Good old Fertility Friends website, saving my sanity once more!  I'm only feeling annoyed cos of a combination of things tho, of which being single is by far not the biggest (which just goes to show what a mess the rest of my life is  , through no fault of my own).

The first thing I have to say ladies is, give yourselves a bit of a break!   About half of the population (of people with life partners i guess) meet their life partners THROUGH WORK so if you don't have the kind of job where you meet sexy blokes, then you've already got an uphill struggle on your hands most likely.

Like most single people in our situation, I've been through the grieving process regarding "what should have been" whilst adjusting to the reality that I'd have to become a parent on my own.  Right now, I don't have anywhere to live and am not in a position to ttc, but I still manage to go out a bit and enjoy getting dressed up (something I couldn't do for a long time, long story) but sometimes I think "finally, I have a fairly decent figure, nices clothes, and no one to admire me".  I like dressing up for myself but I'm not motivated by the thing that sometimes drives people to "look good", ie so that they can look down their noses at other people....so really, for me, a lot of the enjoyment I would get from it is knowing that it's giving my man pleasure, and now by they time i get a man, if i ever do, my body will be dragged out of shape by kids!!!  It would have been nice if I'd had the chance to exercise and have body confidence beforehand.

Relationships can sometimes be more hassle than they're worth.  I spent quite a bit of time with an ex until fairly recently, it was quite complicated for several reasons but I don't regret it (some of the best sex I've ever had and he is the best at that overall), but having him out of my life is what I need at the moment.  It was hard to have life shove him (and all his problems) in my face at the point where I was all geared up to start my single parent journey, but I dealt with it.  I'm glad I played the field when I was younger so I have some memories to sustain me through the coming times.  I would really like to find someone to settle down with (started trying to do that 8 years ago!!!!!!) but I wonder if it will ever happen as I'm quite unusual and would rather be on my own than put up with pap, added to the fact that I am now living somewhere relatively isolated.  Recently I guy paid me a bit of attention and it gave me a lot of energy, and made me miss the good things about my ex a bit more.

The other thing that I think is worth saying is that we should also give ourselves a break because part of the reason many of us haven't found a man is because too many men are struggling to adapt to the modern world in which women are generally more empowered and generally expect men to have the backbone they've had to develop and the sensitivity we need just as human beings to get by!  I've met some amazing men who are the type of guys I would have loved to have a relationship with, guess what? - didn't fancy them!

I do look at some close friends relationships and think "those are the compromises I'd've had to make if i'd settled for 2nd best"....


----------



## sohocat (Aug 11, 2009)

Heidi33,
Hi,I think that a lot of single moms think that no one would want them if they have a baby/child, but actually, I had my DD about 2 1/2 years ago.

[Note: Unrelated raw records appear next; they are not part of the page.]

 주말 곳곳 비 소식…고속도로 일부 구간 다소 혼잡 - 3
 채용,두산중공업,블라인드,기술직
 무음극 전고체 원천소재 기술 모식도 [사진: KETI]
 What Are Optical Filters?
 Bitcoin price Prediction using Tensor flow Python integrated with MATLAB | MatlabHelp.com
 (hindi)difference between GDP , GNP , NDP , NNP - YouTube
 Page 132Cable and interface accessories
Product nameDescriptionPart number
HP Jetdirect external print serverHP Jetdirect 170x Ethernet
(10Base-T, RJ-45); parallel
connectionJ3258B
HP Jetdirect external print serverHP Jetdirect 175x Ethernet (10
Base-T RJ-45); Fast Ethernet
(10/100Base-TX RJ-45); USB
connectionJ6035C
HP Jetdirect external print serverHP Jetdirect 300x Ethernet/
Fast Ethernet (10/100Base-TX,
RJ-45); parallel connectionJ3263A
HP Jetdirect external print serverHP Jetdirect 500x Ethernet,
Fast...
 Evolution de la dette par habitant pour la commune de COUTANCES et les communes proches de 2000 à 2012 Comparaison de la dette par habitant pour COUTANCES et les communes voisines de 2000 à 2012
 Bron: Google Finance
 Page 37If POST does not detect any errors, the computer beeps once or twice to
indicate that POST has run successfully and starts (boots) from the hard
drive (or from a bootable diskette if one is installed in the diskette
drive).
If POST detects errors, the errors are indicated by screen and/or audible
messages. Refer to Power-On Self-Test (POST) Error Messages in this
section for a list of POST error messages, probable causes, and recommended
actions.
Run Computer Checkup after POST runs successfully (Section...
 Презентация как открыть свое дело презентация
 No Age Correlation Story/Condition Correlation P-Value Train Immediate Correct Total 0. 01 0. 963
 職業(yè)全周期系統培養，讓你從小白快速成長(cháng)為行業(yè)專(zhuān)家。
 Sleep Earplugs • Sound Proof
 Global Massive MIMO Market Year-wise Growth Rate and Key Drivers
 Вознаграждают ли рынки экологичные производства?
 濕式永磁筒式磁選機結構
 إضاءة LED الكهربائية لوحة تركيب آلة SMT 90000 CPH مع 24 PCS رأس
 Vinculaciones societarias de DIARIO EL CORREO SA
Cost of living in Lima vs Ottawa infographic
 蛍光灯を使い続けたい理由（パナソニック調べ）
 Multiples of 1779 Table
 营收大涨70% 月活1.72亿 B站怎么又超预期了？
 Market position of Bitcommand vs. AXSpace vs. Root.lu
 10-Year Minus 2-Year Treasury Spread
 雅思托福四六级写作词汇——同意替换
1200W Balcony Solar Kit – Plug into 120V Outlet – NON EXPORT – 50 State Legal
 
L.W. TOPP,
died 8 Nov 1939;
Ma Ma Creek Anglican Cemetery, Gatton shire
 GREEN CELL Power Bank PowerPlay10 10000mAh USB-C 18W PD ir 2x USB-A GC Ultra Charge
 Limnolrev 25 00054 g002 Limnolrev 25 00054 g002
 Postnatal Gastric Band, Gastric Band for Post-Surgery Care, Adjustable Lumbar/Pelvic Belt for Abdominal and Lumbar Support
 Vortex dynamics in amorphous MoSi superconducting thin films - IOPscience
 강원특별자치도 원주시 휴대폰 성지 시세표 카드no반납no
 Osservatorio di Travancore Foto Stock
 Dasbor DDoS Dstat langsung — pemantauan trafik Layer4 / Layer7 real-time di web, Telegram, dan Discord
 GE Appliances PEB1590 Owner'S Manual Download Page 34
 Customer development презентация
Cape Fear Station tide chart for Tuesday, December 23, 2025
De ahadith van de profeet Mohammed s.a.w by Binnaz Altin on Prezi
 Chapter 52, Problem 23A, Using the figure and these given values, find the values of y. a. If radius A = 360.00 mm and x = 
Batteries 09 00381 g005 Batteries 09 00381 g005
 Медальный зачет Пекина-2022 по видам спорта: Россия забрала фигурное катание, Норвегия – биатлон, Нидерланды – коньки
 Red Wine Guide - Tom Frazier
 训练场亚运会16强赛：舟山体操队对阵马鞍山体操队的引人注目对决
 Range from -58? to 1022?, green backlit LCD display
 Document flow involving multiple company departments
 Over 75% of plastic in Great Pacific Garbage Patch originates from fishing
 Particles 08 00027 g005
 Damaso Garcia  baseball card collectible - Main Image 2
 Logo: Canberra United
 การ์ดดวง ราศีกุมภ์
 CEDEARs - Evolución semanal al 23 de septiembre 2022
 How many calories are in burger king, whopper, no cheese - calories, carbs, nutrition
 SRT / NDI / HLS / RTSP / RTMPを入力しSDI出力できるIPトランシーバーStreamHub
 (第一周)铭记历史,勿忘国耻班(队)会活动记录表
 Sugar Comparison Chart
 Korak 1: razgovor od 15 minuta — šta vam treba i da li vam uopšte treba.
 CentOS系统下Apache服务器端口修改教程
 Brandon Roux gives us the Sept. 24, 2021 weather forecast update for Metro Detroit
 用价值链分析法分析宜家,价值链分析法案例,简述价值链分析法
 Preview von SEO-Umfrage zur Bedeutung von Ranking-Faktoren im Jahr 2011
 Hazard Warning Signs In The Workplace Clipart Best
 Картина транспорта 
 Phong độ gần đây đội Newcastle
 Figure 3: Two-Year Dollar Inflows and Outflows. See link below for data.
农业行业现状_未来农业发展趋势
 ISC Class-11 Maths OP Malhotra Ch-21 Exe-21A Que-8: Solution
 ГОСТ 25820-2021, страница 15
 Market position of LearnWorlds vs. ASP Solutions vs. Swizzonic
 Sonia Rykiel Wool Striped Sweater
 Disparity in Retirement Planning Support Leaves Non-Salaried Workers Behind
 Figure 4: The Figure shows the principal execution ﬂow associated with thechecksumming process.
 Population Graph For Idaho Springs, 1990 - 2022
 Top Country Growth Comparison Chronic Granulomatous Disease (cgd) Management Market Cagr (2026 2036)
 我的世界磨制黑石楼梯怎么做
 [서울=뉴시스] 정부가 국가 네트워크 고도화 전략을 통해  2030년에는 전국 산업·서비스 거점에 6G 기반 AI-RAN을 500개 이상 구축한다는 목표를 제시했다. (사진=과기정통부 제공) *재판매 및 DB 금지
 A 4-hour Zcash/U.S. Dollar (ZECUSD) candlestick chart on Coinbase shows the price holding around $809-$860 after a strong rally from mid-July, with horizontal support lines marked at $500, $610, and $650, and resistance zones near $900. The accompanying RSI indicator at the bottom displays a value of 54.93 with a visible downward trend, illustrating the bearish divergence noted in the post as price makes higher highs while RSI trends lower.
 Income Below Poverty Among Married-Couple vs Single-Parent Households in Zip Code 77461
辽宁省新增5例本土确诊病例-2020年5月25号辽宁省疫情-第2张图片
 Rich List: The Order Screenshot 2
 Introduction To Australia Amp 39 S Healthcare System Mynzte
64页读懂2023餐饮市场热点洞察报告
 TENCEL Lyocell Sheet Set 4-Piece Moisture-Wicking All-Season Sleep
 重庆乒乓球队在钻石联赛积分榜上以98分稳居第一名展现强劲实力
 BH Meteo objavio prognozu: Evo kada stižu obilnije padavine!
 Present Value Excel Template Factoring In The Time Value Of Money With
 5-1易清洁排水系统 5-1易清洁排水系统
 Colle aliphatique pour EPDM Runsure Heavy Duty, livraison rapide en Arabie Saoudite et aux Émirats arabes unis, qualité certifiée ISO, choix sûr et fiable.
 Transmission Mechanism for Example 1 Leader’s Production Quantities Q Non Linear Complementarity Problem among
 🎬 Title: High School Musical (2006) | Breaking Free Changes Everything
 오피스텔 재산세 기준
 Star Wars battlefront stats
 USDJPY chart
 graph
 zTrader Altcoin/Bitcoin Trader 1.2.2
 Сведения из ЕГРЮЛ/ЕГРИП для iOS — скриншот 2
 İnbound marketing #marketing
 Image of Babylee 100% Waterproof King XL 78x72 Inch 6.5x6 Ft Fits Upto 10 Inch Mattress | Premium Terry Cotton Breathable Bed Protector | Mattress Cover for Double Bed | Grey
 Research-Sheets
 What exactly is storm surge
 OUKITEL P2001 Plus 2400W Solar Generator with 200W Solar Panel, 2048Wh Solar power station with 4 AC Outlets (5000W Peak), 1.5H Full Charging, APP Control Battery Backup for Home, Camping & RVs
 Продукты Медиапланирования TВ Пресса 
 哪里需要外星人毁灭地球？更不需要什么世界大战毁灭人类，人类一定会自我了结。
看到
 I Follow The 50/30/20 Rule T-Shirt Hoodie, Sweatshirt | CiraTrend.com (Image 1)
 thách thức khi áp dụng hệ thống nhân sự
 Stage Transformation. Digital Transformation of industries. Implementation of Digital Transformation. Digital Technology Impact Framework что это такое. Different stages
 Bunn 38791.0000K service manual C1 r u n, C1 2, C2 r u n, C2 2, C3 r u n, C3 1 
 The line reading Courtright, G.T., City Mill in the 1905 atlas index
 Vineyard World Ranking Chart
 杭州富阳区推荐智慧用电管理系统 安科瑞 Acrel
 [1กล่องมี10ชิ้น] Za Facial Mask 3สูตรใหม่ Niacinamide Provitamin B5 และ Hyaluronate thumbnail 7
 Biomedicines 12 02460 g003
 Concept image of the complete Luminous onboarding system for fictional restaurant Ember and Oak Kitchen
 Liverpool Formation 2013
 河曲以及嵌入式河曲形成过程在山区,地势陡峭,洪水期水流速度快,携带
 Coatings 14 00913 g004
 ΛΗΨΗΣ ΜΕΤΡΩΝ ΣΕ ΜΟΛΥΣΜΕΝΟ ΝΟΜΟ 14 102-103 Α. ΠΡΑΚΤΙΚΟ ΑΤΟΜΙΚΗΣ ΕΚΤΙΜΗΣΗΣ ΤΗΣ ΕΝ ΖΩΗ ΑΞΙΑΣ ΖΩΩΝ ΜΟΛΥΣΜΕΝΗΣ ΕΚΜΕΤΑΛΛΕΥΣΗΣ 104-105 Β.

In the first 2 years I wasn't physically, emotionally up for dating plus I didn't have the help-someone to watch my baby while I went out. But I have been dating for about 4 to 5 months now, and I have found that there are men out there who like me because I am a mother! It is in fact the opposite of my previous fear. Plus, there are a lot of people my age who usually have children and are divorced. Or divorced with no children. Most people have children though. And if a guy does not want to date me because I have a little one, then he is not someone I would want to be with anyway.


----------



## Heidi33 (Apr 2, 2013)

Abacus - i too look at most of my friends partners and know there are very few id consider suitable for me - i either don't find them attractive or i don't like their personality. I know a few of my friends have 'settled' because they are scared to be alone or "need" a man as one of my friends put it! I like having a man but i certainly don't need one! And if 50% of people meet their partnets through work then that explains a lot - nearly all my friends are nurses like me that i met through work but male nurses are either middle aged and married or gay - doctors are snapped up very early on and are very rarely availble  I have met plenty of guys travelling but they usually live on the other side of the world and haven't worked out.

Sohocat - glad to hear you are dating again! I am actually not worried about a child putting a guy off bc i know many single mums who have met men and happily settled down with them and my my love life cant get any worse than it is now really! I just know tht if i get pregnant the next year or 2 are probaly definatley off limits romance-wise


----------